12/11/15-Thunder Road

Thunder Road in Somerville might be a spiffy new venue with a roomy dance floor and a remote soundboard run from an iPad, but the stage probably wasn’t built with Strange Changes in mind.

All eight band members crammed claustrophobically onstage as the room gradually filled with patrons trickling in from the downstairs bar. Then the psychedelic jazz collective unleashed the head-turning sound of a big band gone haywire.
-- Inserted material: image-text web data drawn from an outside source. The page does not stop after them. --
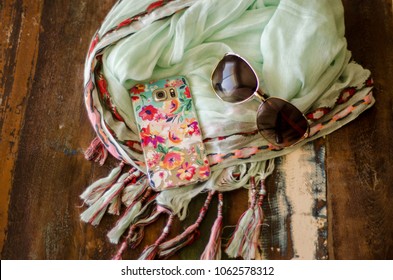 Floral Phone Case Sunglasses And Scarf On Wooden Table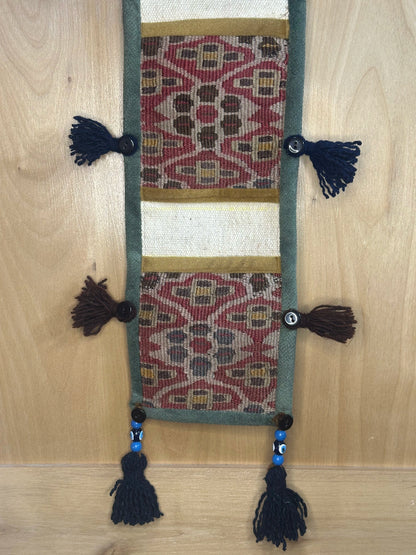 Handmade decorative Turkish rug wall organizer with pink geometric designs, 3 pockets, tassels, and an evil eye charm. Upcycled vintage textile art by High Pile Designs.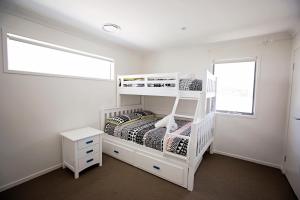 A bunk bed or bunk beds in a room at Heated Pool - Peaceful and Relaxing Beachside Family Entertainer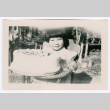 Young girl with birthday cake (ddr-densho-475-357)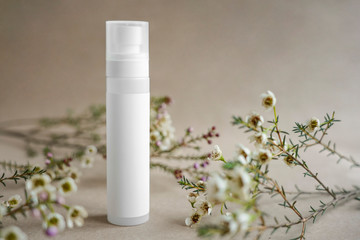White cosmetic bottle on beige background decorated with white flowers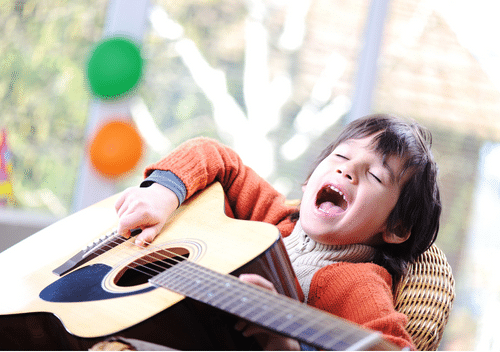 Child singing with a guitar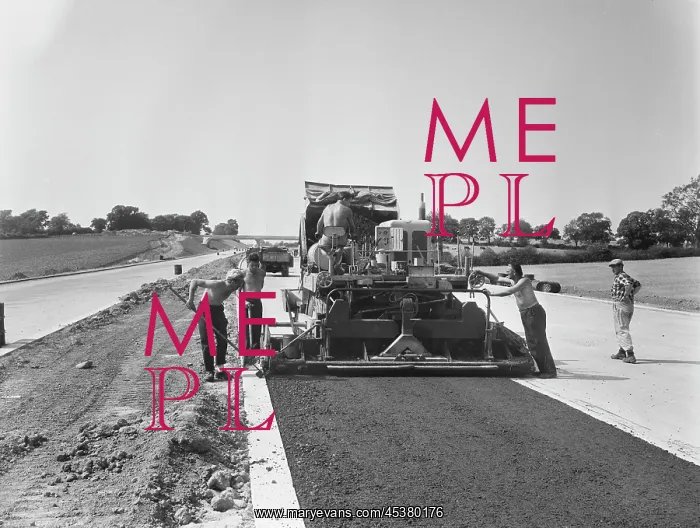 : England. A view of Laing workers operating a paver machine : England. A view of Laing workers operating a paver machine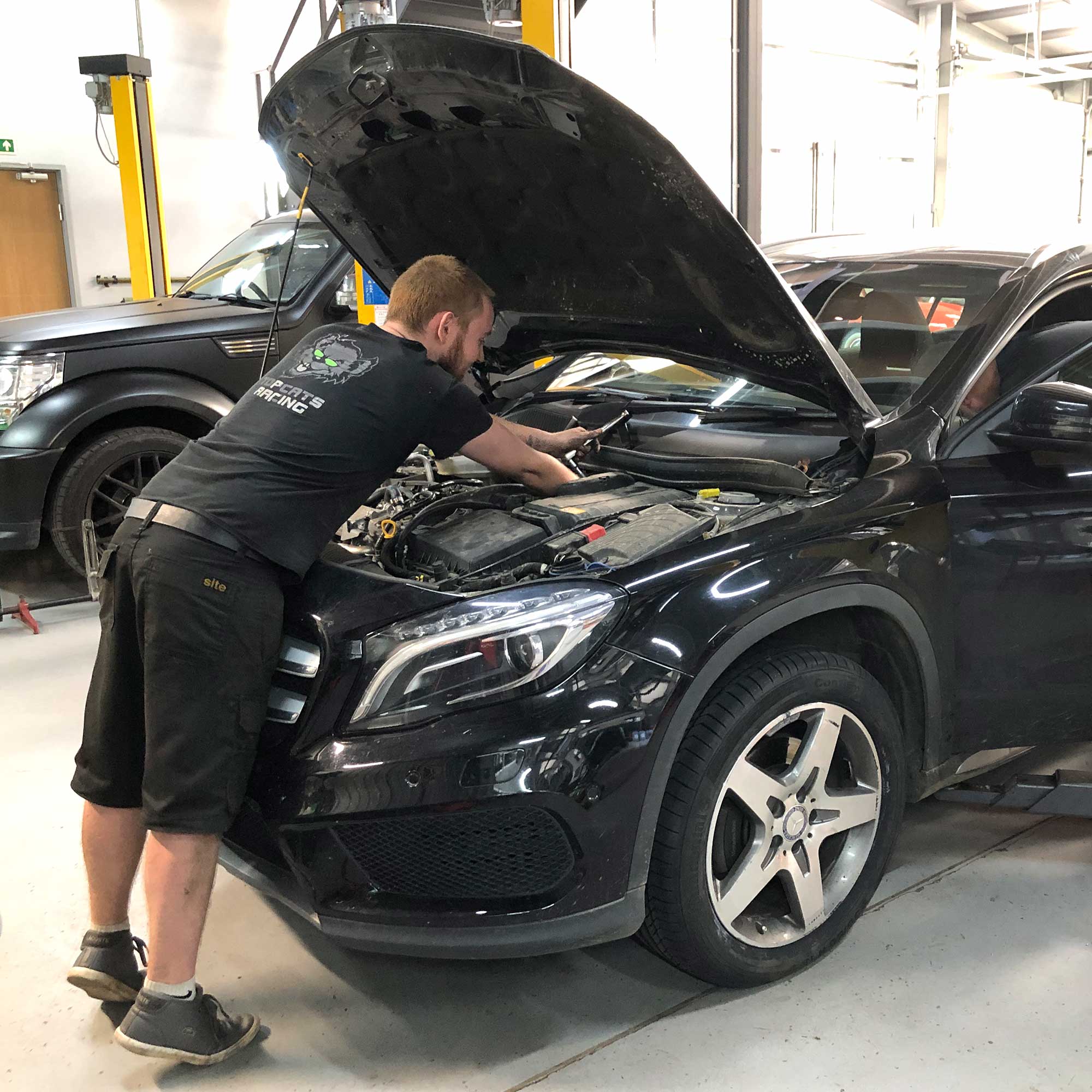 topcats team member working on mercedes road vehicle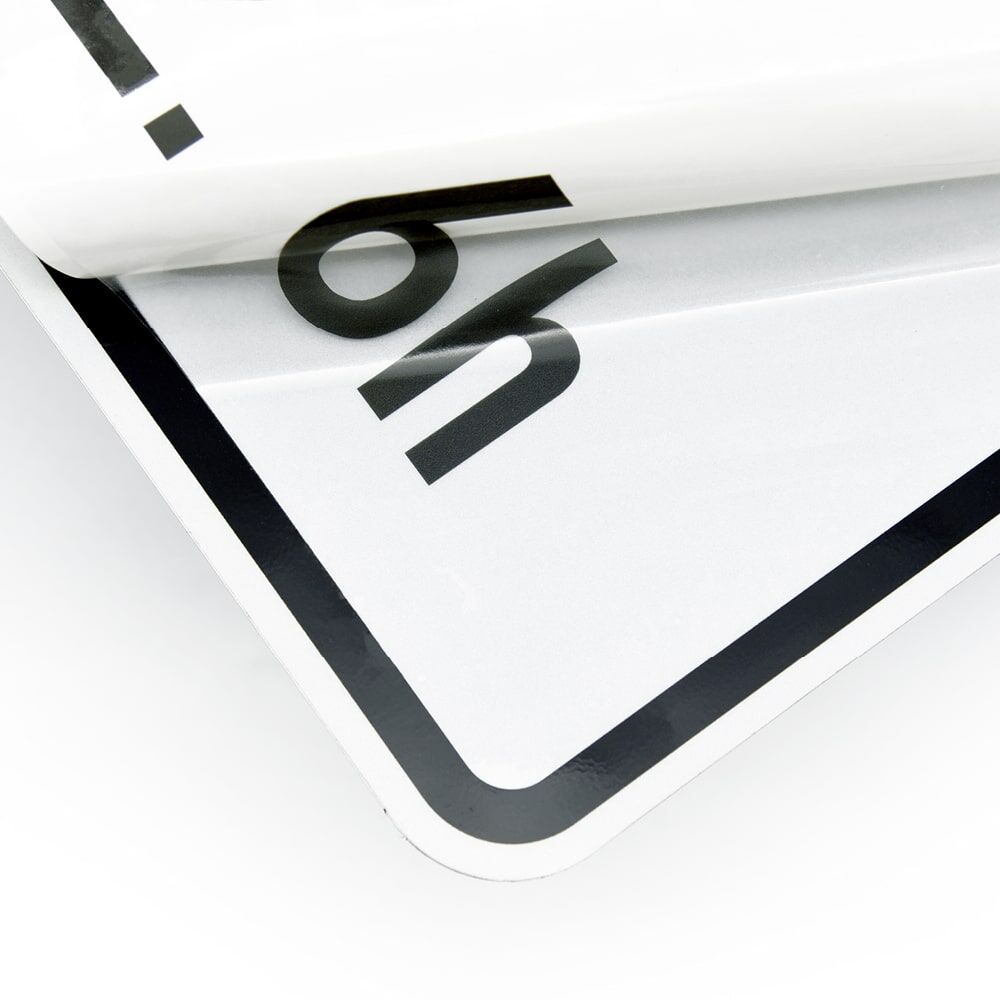 Transparentes Overlay wird abgezogen, schwarzer Aufdruck auf klarer Folie sichtbar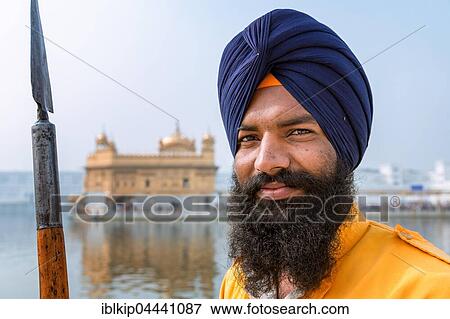 Sikh guard in front of the Golden Temple, Amritsar, Punjab, North India, India, Asia View Large Photo Image Stock Photo - Sikh guard in front of the Golden Temple, Amritsar, Punjab, North India, India, Asia. Fotosearch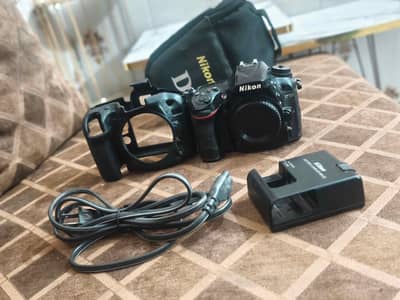 Nikon D7100 DSLR Camera Body with multiple accessories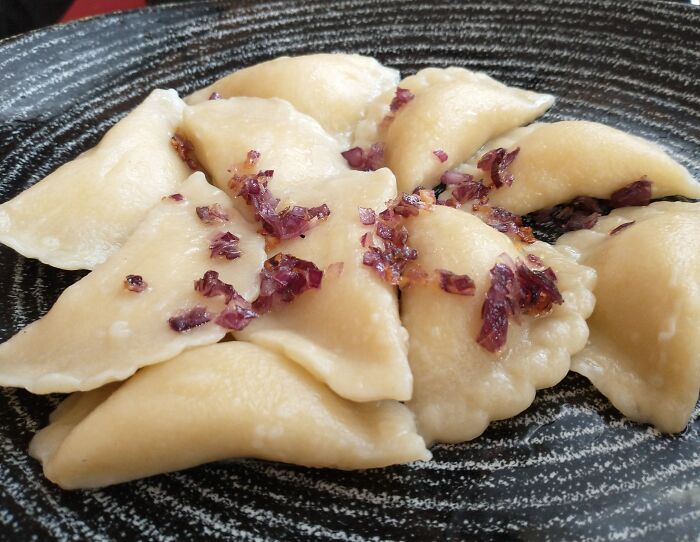 Top dish from different countries featuring dumplings topped with fried onions.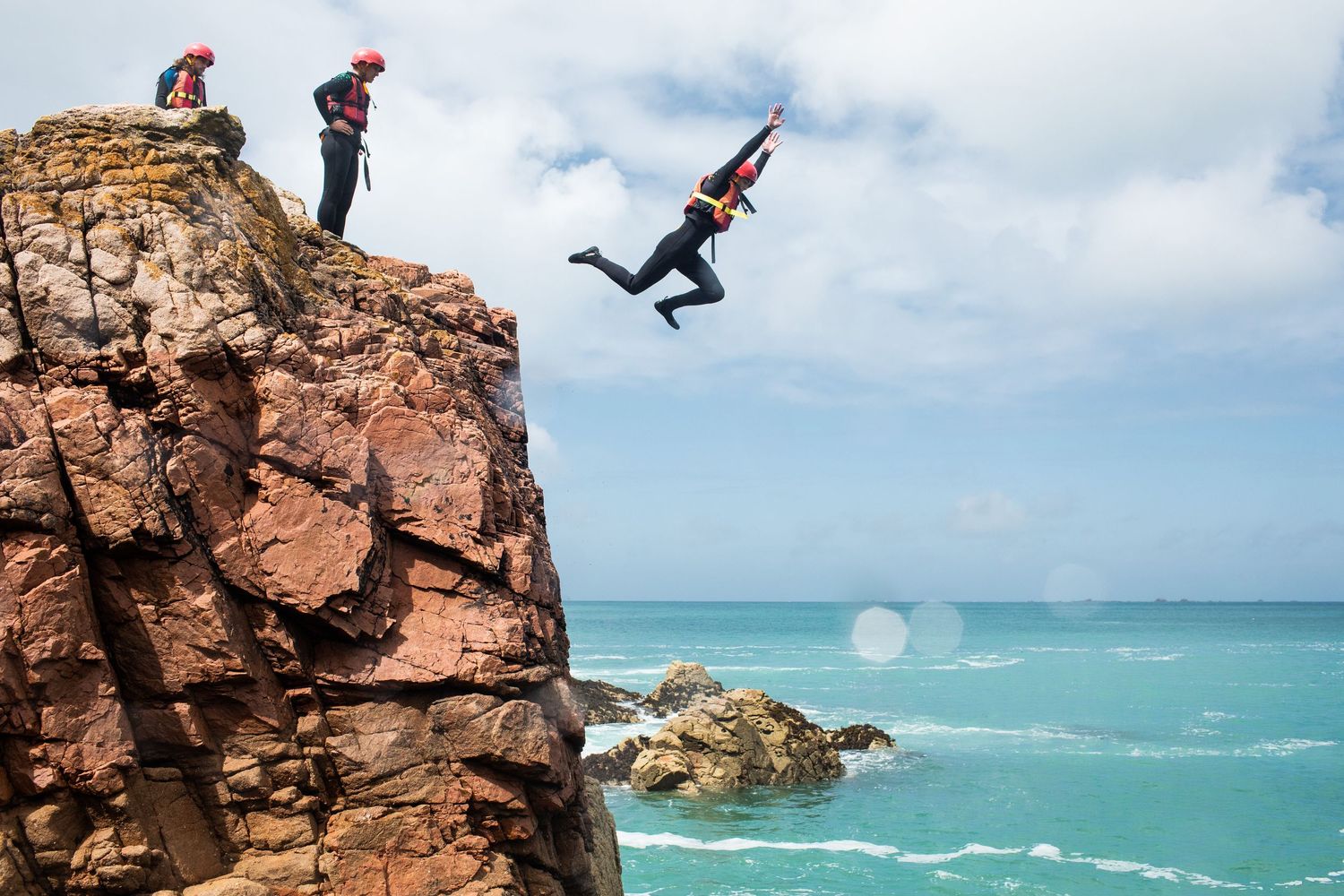 Person leaping off rocky cliff into turquoise ocean waters while others watch from above.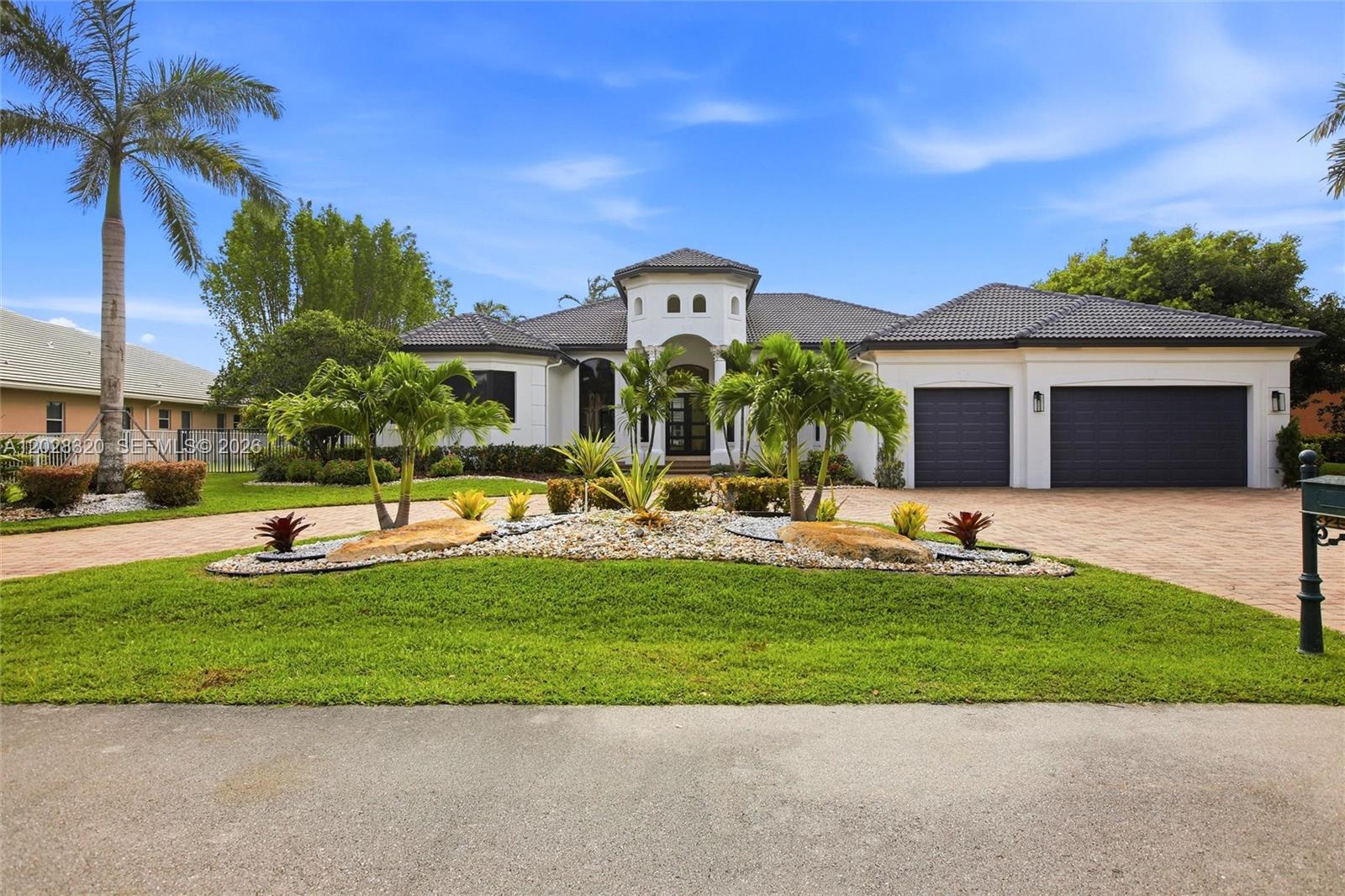 A single-story white house with a dark tiled roof and a circular driveway — 3250 W Stonebrook Cir, Davie FL 33330, DAVIE, FL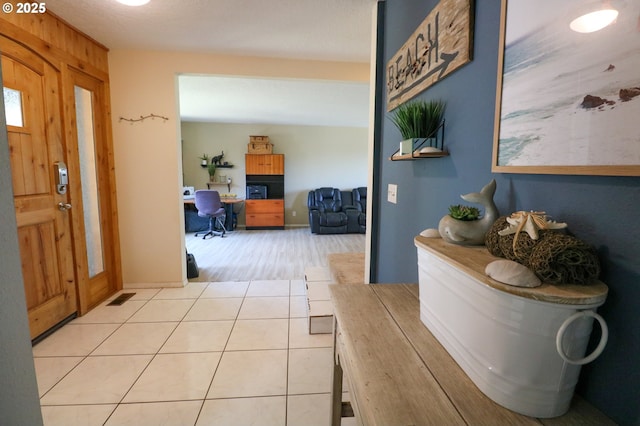 interior space with tile patterned floors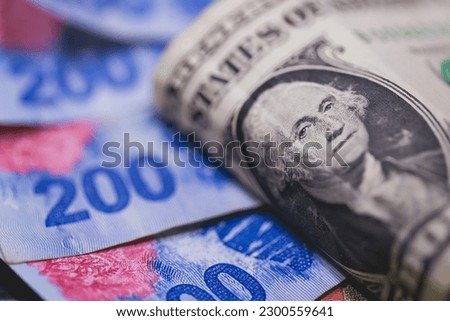 A one dollar bill from the United States with notes of money from Argentina.
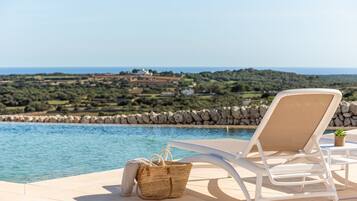 A poolside area with a lounge chair, a wicker basket, and a view of a coastal landscape.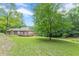 Back exterior of the home with an expansive wooden deck and a large lawn with mature trees at 3329 Walt Stephens Rd, Stockbridge, GA 30281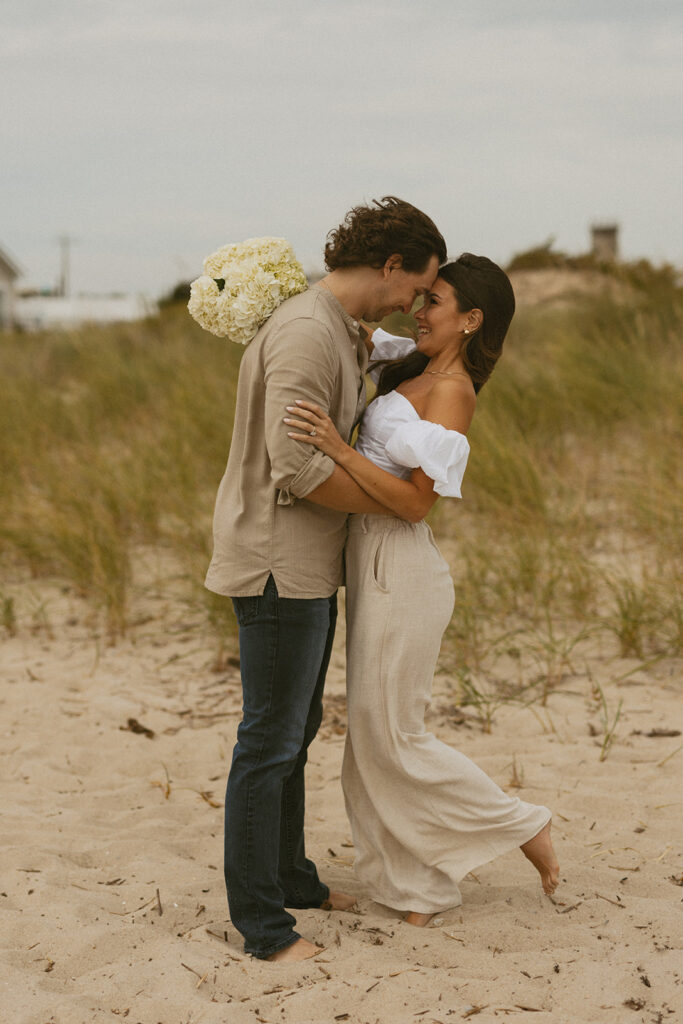 Couples standing on the beach on Sunset Beach in NJ for engagement photos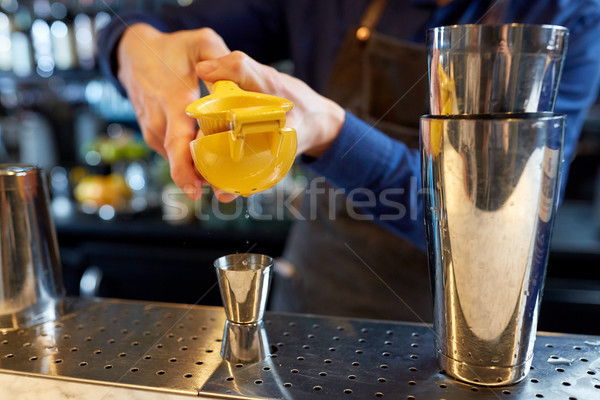 bartender squeezing juice into jigger at bar Stock photo © dolgachov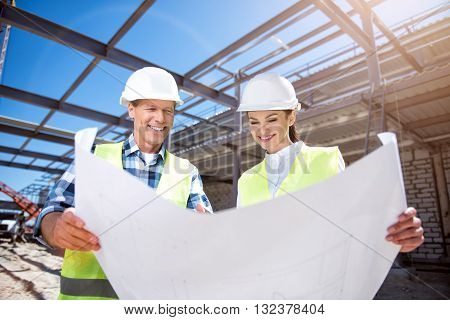 Build together. Young cheerful arhitects outdoors while construction works looking blueprints and building plans with a crane on a background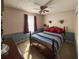 Comfortable bedroom with a ceiling fan, neutral decor and soft natural light from large window at 4402 Autumn Hill Drive, Stone Mountain, GA 30083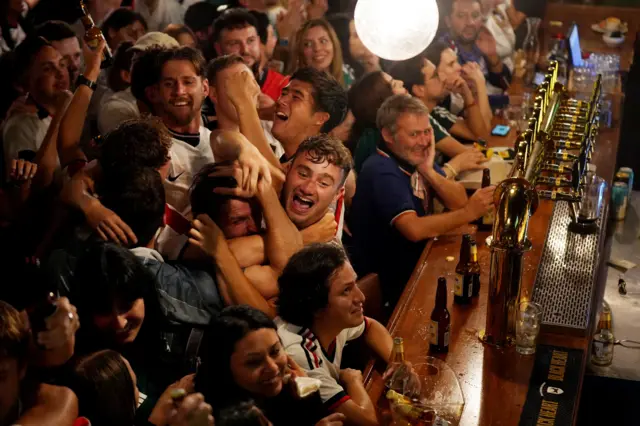A group of England fans celebrate near the bar at The Crown and Heart Pub
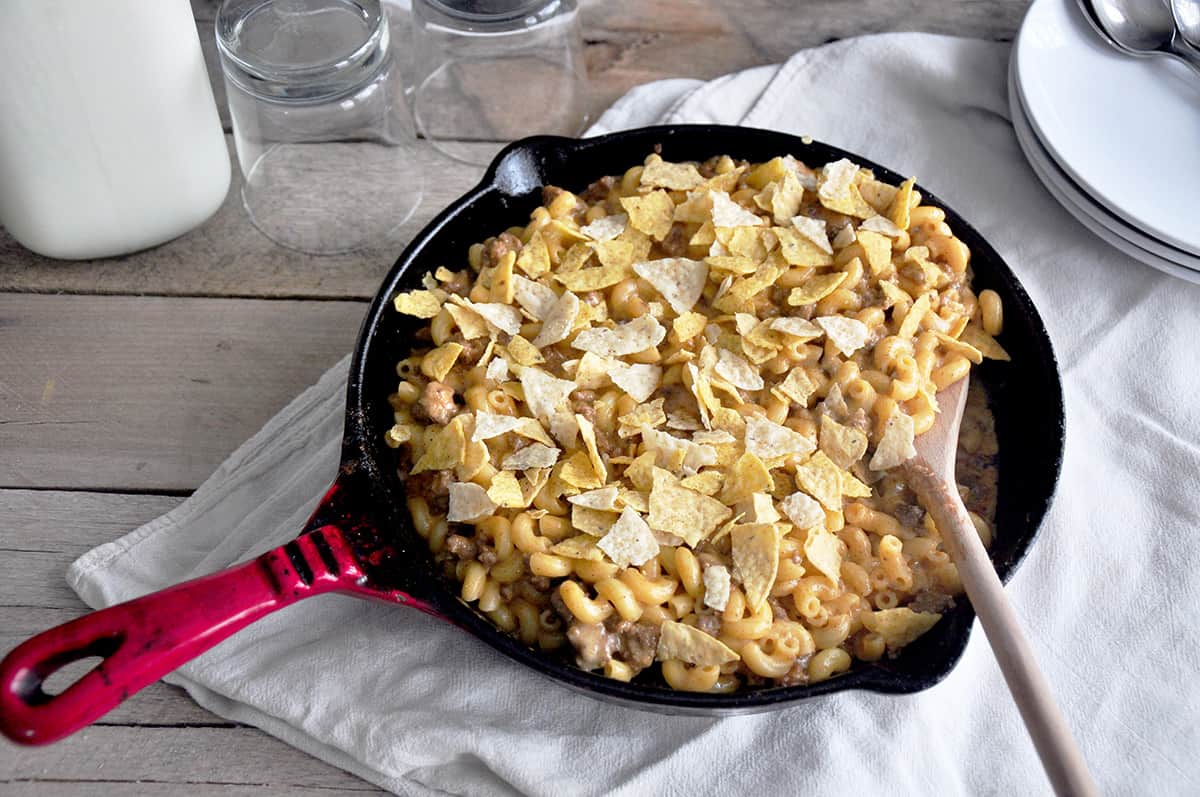 Beefy Taco Mac and Cheese in a red cast iron skillet.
Strange Changes were opening up for self-proclaimed “Middle-Eastern, Sci-Fi fusion” band Consider the Source after all. While their genre-shifting madness might be considered overly jarring or grating to the untrained ear, the group quickly won over the diverse crowd of jazz heads, daydreaming hippies, and even heavy metal headbangers. But those who tried to dance and groove along only had a fleeting opportunity to do so before a new musical idea interjected. Luckily the crowd never responded with frustration, but with wide eyes, knowing grins, and chuckles.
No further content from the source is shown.